WHAT IS BEING ASKED — Transcribe verbatim the span of lines that opens with the line containing "Sondre Nordic Wool" and closes with the last line of the data below.

[MATERIALS PROVIDED]

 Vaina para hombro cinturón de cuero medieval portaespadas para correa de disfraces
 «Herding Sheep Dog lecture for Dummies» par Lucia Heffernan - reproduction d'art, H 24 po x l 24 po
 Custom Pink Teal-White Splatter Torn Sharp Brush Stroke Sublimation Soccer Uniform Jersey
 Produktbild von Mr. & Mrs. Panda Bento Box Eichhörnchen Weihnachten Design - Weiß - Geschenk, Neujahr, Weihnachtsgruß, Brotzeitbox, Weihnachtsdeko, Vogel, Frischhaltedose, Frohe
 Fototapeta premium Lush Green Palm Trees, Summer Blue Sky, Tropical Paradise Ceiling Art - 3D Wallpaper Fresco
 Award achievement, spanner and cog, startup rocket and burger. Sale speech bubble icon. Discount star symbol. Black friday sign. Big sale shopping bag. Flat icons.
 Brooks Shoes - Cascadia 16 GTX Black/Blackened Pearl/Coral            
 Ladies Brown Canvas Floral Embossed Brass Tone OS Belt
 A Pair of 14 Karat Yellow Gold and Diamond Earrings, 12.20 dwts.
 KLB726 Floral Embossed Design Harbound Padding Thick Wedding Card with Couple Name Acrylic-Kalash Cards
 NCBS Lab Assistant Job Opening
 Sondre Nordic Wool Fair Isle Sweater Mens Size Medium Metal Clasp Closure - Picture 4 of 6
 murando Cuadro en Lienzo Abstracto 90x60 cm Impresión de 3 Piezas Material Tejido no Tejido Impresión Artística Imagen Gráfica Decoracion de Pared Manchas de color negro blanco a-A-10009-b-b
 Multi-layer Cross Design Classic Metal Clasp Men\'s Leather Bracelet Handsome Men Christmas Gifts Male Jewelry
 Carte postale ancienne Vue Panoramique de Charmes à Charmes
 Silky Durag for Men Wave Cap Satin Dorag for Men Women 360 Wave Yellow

[/MATERIALS PROVIDED]

REPLY TO THE EXERCISE —
 Sondre Nordic Wool Fair Isle Sweater Mens Size Medium Metal Clasp Closure - Picture 4 of 6
 murando Cuadro en Lienzo Abstracto 90x60 cm Impresión de 3 Piezas Material Tejido no Tejido Impresión Artística Imagen Gráfica Decoracion de Pared Manchas de color negro blanco a-A-10009-b-b
 Multi-layer Cross Design Classic Metal Clasp Men\'s Leather Bracelet Handsome Men Christmas Gifts Male Jewelry
 Carte postale ancienne Vue Panoramique de Charmes à Charmes
 Silky Durag for Men Wave Cap Satin Dorag for Men Women 360 Wave Yellow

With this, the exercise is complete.